The Learning Disabilities Mortality Review (LeDeR) Programme Annual Report (2019) recommended a national clinical audit of adults and children with a learning disability admitted to hospital for a condition related to chronic constipation. The 2019 report found that constipation was one of the five most common long-term health conditions reported in completed reviews (23%) and a third of people were prescribed laxatives to treat constipation (33%). A full national audit could take up to 3 years and require large-scale engagement from multiple stakeholders. At a time when services were focussed on the COVID-19 pandemic response and subsequent recovery, this was not considered practical.
Significant evidence shows that the occurrence of constipation in people with a learning disability and autistic people is higher than in the general population. Consequently, we were asked by NHSE South West to carry out a review to understand constipation and its management in people with a learning disability and autistic people.
Our review had four parts:
- Literature review and critical appraisal of relevant evidence and research
- Data analysis to examine admission rates and trends
- User engagement with families that accessed constipation services for children and young people with a learning disability or autism (surveys were coproduced with parent-carer forums and 15 semi-structured interviews were carried out)
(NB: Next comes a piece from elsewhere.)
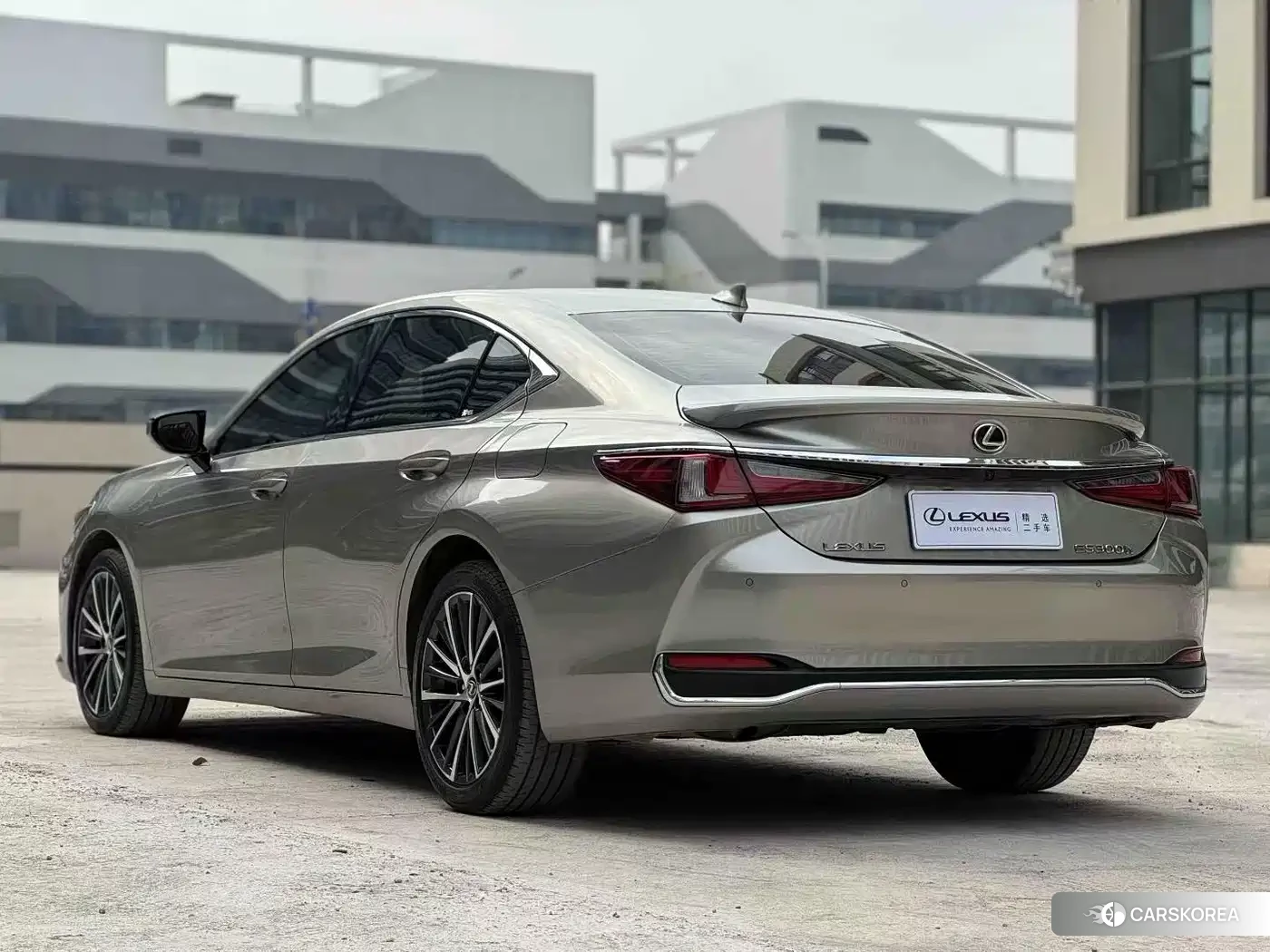 Lexus ES id 4622669 из Китая 8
- Case studies to further explore areas of interest and enable shared learning
- Thematic review and options appraisal to review variation and common themes to draw meaningful conclusions and recommendations
A multidisciplinary team with expertise in areas including medicines optimisation, clinical effectiveness, quantitative and qualitative evaluation, clinical coding, and digital analytics and intelligence was involved in the review. We worked closely with a clinical reference group, which included representation from ERIC, The Children’s Bowel & Bladder Charity, and clinical experts identified by NHSE South West.
The rapid approach (6-months) we used, compared to a full national audit, allowed recommendations to be developed in a shorter timeframe. This meant quicker action aimed at reducing constipation in people with a learning disability and autistic people.
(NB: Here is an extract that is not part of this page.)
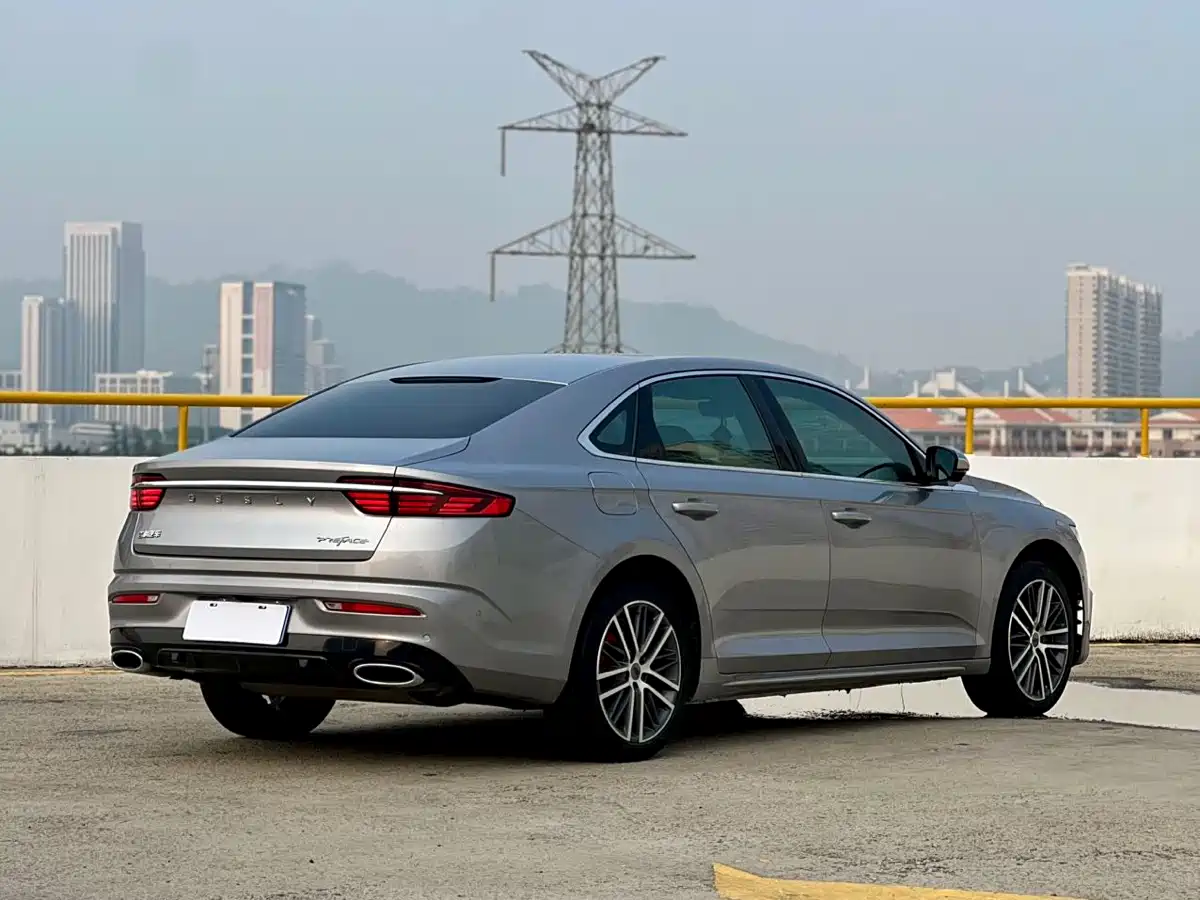 Фото 9 - Geely Preface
Key recommendations from our review:
- Further work should be carried out to understand the views and training needs of primary care practitioners including GPs
- Suitable materials to be developed for adolescents and children and young people with autistic spectrum conditions
- Data quality requires review and improvement
- Research to understand the role of virtual appointments in bowel and bladder health
- Structured Medication Reviews (SMRs) to be conducted for patients prescribed regular, or long-term, laxatives
- Further education and support materials for older children and adolescents with toileting issues
- Guidelines and support for clinicians to enable reasonable adjustment modifications to general population guidelines for the management of constipation
Our review puts patients first and is a step towards making health and care services better for people with a learning disability and autistic people.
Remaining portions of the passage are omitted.